История моего знакомства с Гоголем*

со включением всей переписки с 1832 по 1852 год
Вступление

«История моего знакомства с Гоголем», еще вполне не оконченная мною, писана была не для печати, или по крайней мере для печати по прошествии многих десятков лет, когда уже никого из выведенных в ней лиц давно не будет на свете, когда цензура сделается свободною или вовсе упразднится, когда русское общество привыкнет к этой свободе и отложит ту щекотливость, ту подозрительную раздражительность, которая теперь более всякой цензуры мешает говорить откровенно даже о давнопрошедшем.

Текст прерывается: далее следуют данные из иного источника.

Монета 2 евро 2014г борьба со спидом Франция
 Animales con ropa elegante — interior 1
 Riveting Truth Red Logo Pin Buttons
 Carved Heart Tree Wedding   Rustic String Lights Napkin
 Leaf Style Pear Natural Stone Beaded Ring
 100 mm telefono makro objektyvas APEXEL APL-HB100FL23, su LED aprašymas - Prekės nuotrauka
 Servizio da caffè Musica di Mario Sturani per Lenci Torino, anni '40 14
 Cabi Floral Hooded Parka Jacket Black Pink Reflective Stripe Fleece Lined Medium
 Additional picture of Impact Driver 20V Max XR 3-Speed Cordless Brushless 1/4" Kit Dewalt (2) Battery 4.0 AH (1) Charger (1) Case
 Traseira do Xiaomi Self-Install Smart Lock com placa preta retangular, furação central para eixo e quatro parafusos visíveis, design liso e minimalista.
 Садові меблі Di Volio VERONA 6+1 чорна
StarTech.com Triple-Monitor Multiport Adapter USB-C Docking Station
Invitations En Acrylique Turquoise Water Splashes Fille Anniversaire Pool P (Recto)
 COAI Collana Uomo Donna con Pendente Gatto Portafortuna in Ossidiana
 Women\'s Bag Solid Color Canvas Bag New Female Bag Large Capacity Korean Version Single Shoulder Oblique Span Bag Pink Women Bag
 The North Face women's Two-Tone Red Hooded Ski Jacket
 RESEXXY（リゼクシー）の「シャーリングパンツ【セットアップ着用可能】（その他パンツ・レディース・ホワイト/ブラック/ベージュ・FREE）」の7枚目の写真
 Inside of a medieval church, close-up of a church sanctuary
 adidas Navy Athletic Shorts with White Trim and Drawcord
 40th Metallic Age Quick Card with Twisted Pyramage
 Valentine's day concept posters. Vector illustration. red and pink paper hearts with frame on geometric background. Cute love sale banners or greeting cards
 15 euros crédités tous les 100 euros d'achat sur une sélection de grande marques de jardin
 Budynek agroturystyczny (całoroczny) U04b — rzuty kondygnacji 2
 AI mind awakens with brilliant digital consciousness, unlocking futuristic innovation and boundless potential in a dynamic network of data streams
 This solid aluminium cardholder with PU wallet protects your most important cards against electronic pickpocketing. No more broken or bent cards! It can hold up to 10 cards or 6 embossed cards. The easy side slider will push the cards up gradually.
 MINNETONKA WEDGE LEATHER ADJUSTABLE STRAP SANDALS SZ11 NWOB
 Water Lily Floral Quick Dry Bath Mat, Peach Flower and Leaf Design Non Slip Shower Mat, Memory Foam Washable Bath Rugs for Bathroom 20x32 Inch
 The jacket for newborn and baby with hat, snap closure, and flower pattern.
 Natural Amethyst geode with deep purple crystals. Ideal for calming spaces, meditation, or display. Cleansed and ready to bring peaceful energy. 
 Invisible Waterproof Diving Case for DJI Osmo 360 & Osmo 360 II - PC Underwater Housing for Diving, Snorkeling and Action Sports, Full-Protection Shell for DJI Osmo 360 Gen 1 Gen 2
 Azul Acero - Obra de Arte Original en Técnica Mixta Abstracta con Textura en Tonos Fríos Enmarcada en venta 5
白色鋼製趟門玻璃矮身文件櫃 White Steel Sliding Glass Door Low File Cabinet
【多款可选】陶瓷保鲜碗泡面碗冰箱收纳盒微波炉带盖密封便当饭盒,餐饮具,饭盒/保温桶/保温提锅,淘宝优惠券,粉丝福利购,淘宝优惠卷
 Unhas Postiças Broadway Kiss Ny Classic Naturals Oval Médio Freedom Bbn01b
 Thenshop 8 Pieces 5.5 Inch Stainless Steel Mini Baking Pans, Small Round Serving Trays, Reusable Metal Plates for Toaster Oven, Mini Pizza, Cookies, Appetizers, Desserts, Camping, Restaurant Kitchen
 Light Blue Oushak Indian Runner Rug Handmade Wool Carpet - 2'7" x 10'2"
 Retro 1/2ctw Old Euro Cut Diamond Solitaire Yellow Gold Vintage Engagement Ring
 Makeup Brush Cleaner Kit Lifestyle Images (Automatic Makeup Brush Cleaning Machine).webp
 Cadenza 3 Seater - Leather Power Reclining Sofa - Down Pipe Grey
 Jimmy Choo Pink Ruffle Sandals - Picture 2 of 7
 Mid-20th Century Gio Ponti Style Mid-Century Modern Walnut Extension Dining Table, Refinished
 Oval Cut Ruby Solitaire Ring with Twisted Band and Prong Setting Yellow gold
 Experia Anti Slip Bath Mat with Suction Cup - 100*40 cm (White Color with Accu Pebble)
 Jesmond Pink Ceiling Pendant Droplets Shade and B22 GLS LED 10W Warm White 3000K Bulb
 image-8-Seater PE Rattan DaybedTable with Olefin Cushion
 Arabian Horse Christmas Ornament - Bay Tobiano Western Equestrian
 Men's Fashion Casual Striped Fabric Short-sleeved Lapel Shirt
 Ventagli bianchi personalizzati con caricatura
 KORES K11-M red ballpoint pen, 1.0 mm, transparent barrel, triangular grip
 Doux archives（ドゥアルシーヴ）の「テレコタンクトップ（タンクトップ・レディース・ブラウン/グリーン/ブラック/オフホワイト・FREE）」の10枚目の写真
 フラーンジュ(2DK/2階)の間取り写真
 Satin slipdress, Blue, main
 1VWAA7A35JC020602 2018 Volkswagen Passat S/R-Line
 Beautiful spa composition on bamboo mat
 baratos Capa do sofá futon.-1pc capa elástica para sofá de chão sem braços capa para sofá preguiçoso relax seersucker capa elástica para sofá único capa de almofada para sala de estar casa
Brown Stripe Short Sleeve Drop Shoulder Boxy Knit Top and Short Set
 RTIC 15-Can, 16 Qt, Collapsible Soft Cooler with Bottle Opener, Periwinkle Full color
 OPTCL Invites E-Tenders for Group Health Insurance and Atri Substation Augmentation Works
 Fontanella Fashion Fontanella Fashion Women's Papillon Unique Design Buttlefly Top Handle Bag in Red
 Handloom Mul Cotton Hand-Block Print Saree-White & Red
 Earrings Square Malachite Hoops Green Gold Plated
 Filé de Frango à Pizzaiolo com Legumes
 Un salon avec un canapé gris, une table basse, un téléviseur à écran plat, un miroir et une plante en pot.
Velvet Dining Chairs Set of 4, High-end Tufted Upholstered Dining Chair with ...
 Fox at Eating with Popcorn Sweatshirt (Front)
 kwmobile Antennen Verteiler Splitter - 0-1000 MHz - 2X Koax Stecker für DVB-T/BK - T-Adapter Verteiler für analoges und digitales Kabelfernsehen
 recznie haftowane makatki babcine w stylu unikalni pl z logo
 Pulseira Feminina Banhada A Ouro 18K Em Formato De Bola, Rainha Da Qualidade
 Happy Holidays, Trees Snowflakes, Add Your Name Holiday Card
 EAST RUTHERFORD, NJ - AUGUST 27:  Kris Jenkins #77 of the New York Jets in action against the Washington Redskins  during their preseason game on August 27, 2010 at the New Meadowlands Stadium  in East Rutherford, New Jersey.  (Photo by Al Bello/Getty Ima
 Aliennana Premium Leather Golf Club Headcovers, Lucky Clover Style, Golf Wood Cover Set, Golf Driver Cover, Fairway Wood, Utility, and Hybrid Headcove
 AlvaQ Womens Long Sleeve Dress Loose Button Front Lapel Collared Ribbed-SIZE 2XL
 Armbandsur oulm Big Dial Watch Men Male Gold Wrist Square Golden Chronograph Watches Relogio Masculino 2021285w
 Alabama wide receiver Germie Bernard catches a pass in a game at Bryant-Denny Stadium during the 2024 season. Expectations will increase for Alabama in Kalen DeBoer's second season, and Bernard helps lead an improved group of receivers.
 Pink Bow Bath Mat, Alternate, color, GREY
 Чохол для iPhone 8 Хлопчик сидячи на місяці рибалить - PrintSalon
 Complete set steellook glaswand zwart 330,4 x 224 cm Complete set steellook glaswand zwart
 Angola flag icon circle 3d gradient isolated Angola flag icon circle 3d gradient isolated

Я печатно предлагал всем друзьям и людям, коротко знавшим Гоголя, написать вполне искренние рассказы своего знакомства с ним и таким образом оставить будущим биографам достоверные материалы для составления полной и правдивой биографии великого писателя. Это была бы, по моему мнению, истинная услуга истории русской литературы и потомству. Не знаю, принято ли кем-нибудь мое предложение, но я почти исполнил свое намерение. Очевидно, возникают вопросы: как можно печатать сочинение, писанное не для печати? Какая причина заставила меня изменить цели, с которою писана книга? Первый вопрос разрешается легко: из «Истории моего знакомства с Гоголем» исключено все, чего еще нельзя напечатать в настоящее время. Причины же, почему я так поступил, состоят в следующем: четыре года прошли, как мы лишились Гоголя; кроме биографии и напечатанных в журналах многих статей, о нем продолжают писать и печатать; ошибочные мнения о Гоголе, как о человеке, вкрадываются в сочинения всех пишущих о нем, потому что из них – даже сам биограф его – лично Гоголя не знали или не находились с ним в близких сношениях. Я думаю, что мой искренний, никаким посторонним чувством не подкрашенный рассказ может бросить истинный свет не на великого писателя (для которого, говорят, это не важно), а на человека. Мне кажется, что дружба моя к Гоголю и долг его памяти требуют от меня такого поступка. Записки мои потеряют не только большую половину своей занимательности, но и большую половину очевидности, то есть способности изъяснить предмет, о важности которого распространяться не нужно.